In this class activity, we will explore leverage and Cook’s distance for identifying influential points (i.e., observations which can substantially change our fitted regression model).

The following code generates data with a potential outlier at \(x = -2\):

# simulate a single explanatory variable from a Normal distribution
x <- rnorm(100)

# create P(Y = 1 | X) for each entry in x
# Here log odds = -1 + 2x
p <- exp(-1 + 2*x)/(1 + exp(-1 + 2*x))

# Finally, simulate a binary response at each x
y <- rbinom(100, 1, p)

x1 <- c(x, -2)
y1 <- c(y, 1)

Questions

Run the code above, then answer the following questions:

  1. The leverage values for a fitted model can be computed in R with the hatvalues(...) function. Plot leverage against the predictor x; does leverage always increase as we move away from the center of \(X\)?

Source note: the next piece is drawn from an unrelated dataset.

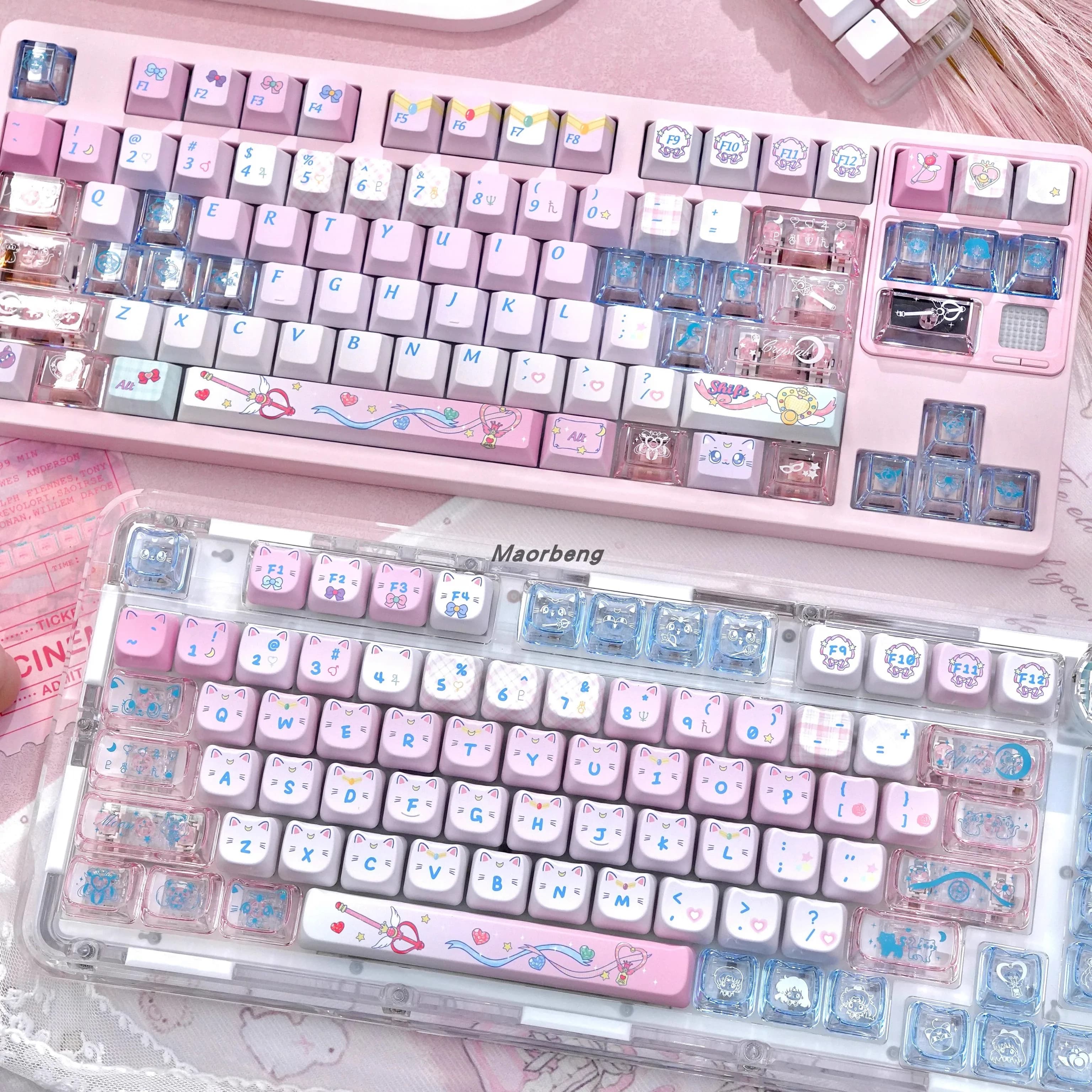 Set di copritasti rosa a tema lunare Cappucci per tastiera PBT Cappucci per tastiera con profilo MAO Cherry trasparenti per PC personalizzati per tastiera meccanica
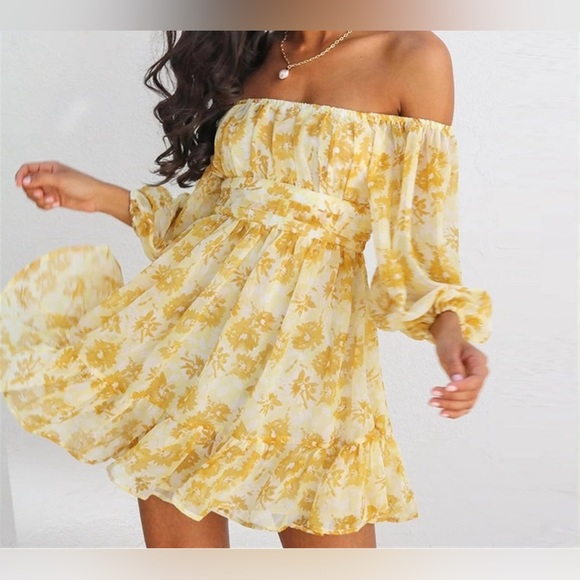 YELLOW AND WHITE OFF SHOULDER TIE BACK FLORAL SPRING MINI DRESS (medium) tags - Picture 4 of 16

  2. Cook’s distance can be computed in R with the cooks.distance(...) function. Plot Cook’s distance against x. Is the potential outlier identified as an influential point?

  3. Try changing the location of the outlier from \(x = -2\) to \(x =\) something else. How does Cook’s distance change as we move the potential outlier?

  4. Now increase the sample size of the simulated data. How does sample size impact whether an outlier is influential?